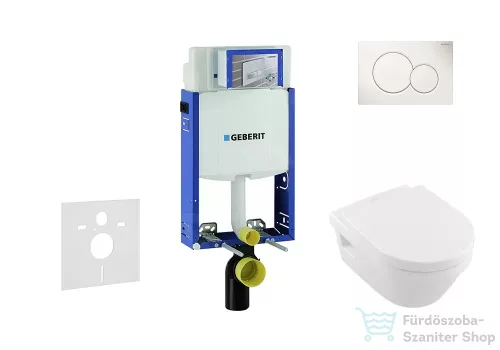 Geberit Kombifix falra szerelhető WC szett, Villeroy & Boch Omnia Architectura CeramicPlus Wc soft close ülőkével, Sigma 01 alpesi fehér nyomólappal 110302005NB1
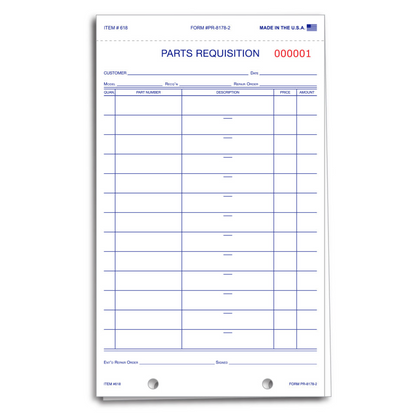 Parts Requisition Form PR-8178 - 2-Part Carbonless, 250 Pack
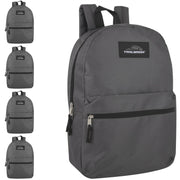 Trail Maker 24 Pack of Bulk Wholesale Basic and Classic 17 Inch Backpacks with Front Accessory Pocket, Dual Zipper Closure and Padded Adjustable Shoulder Straps for Work, School and Classrooms in Gray - JNR Products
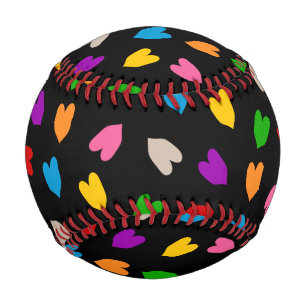 Colourful Love Hearts Pattern Design Black Baseball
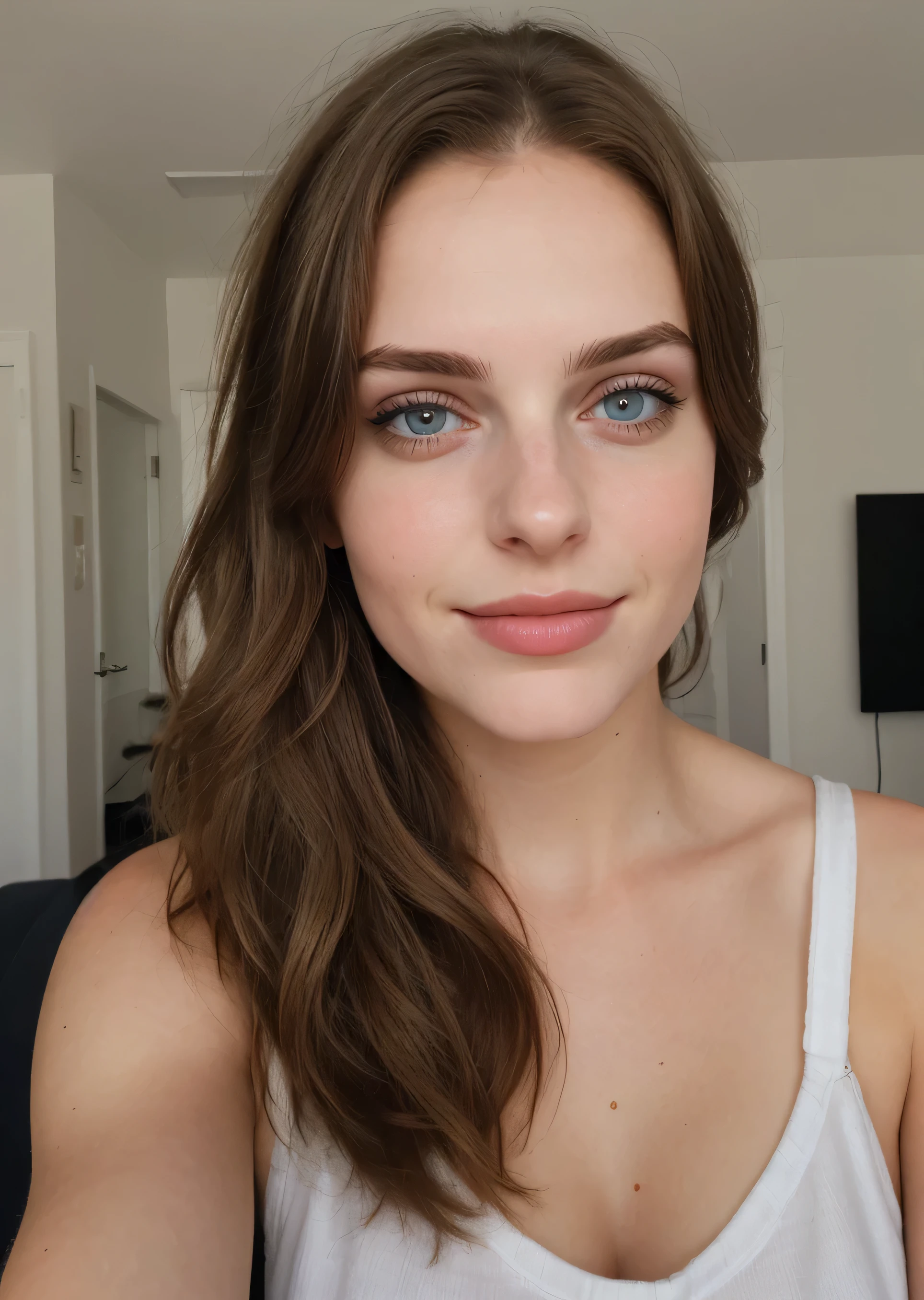 a selfie of a pretty young woman, taken with iphone camera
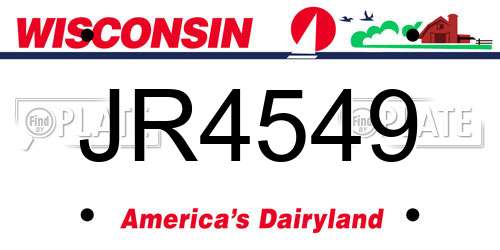JR4549 Wisconsin License Plate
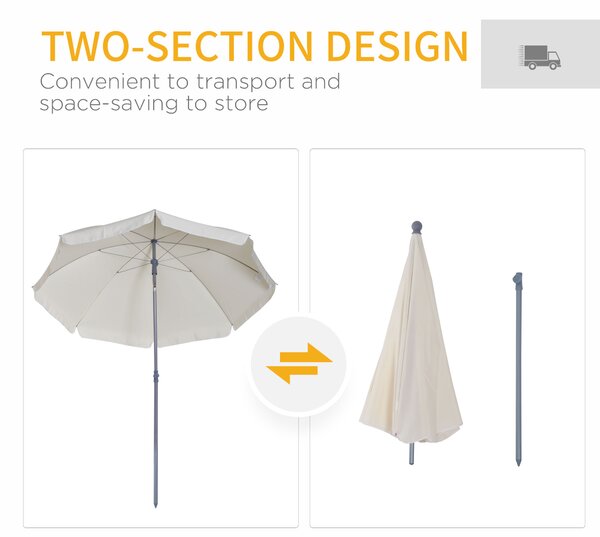 Outsunny Adjustable Beach Parasol: Elegant Cream Shade for Outdoor Relaxation, 2.2M Aosom UK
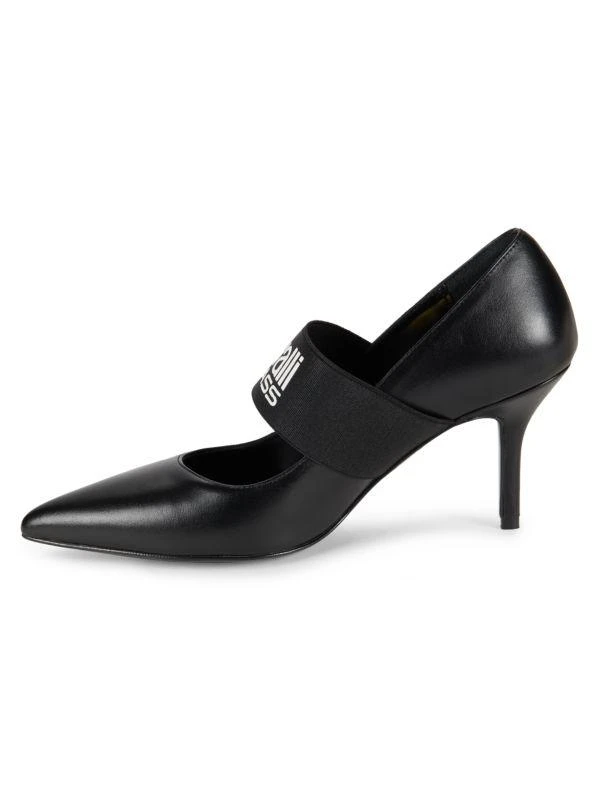 Cavalli Class by Roberto Cavalli 76MM Leather Logo Pumps 4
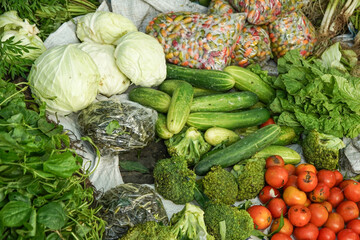 Various kind of vegetables and fruits are sold in Indonesian traditional wet market.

------------------------------

_TASK TO COMPLETE_. Output the lines of the data exactly, starting at the first and ending with the line that has "Colourful Love Hearts". Pictures are not part of it.

_WRITTEN ANSWER_.
 Geberit Kombifix falra szerelhető WC szett, Villeroy & Boch Omnia Architectura CeramicPlus Wc soft close ülőkével, Sigma 01 alpesi fehér nyomólappal 110302005NB1
 Parts Requisition Form PR-8178 - 2-Part Carbonless, 250 Pack
 Trail Maker 24 Pack of Bulk Wholesale Basic and Classic 17 Inch Backpacks with Front Accessory Pocket, Dual Zipper Closure and Padded Adjustable Shoulder Straps for Work, School and Classrooms in Gray - JNR Products
 Colourful Love Hearts Pattern Design Black Baseball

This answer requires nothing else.